Recurrent and reciprocal copy number variations (CNVs) pose a substantial risk for neurodevelopmental and neuropsychiatric disorders. One example of such CNVs is recurrent deletion and duplication of an ~ 743 kb genomic segment of chromosome 16p11.2, which consists of an ~ 593 kb unique segment encompassing 27 protein-coding genes and an ~ 150 kb flanking segmental duplication encompassing 4 protein-coding gene paralogues. 16p11.2 deletion and duplication have been associated with intellectual disability, autism spectrum disorder, schizophrenia, and an array of anthropometric traits, including obesity. However, how copy number variants at this locus cause these effects is not well understood. To address this challenge, we conducted a multi-omics study, performing transcriptome profiling of 350 samples from three brain tissues (cerebellum, cortex, striatum) and three non-brain tissues (brown fat, liver, white fat) in 16p11.2 mouse models harboring the syntenic 7qF3 CNVs, as well as transcriptional and cellular profiling of 54 isogenic human neural stem cell, induced neuron and cerebral organoid models of CRISPR/Cas9 engineered 16p11.2 CNVs. Our main findings are summarized as below:

1)         16p11.2 deletion and duplication disrupted both tissue-specific and shared biological pathways.

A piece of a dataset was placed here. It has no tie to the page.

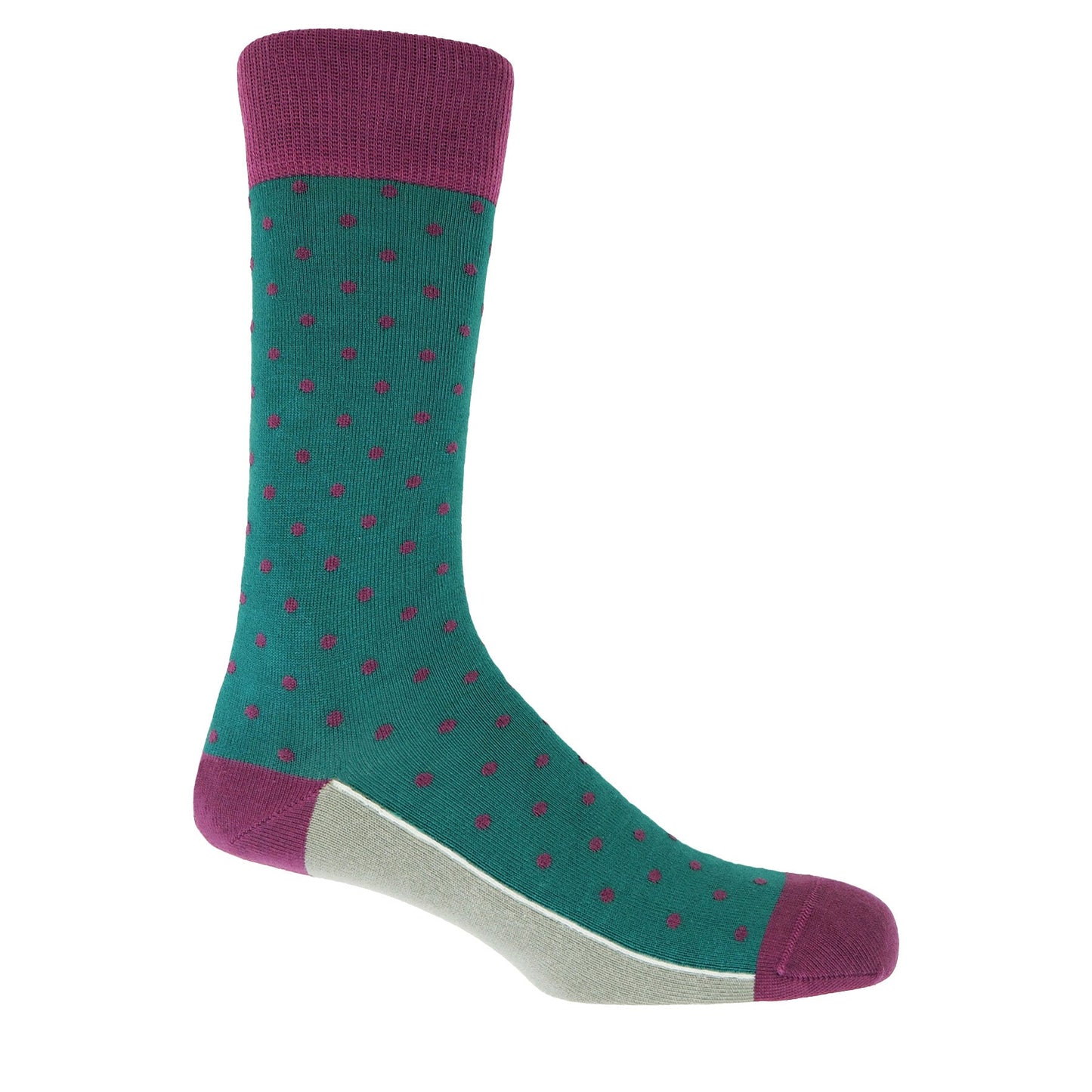 Pin Polka Men's Socks Made in the UK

2)         16p11.2 CNVs caused shorter neurites and reduced electrical activity in human cellular models.

3)         Single-cell RNA sequencing characterization of human cerebral organoids revealed an altered cellular composition with an excitatory/inhibitory imbalance.

Overall, these findings suggested that the effects of 16p11.2 CNVs on genome-wide gene expression and cellular function are highly dependent on the variant dosage and cellular context.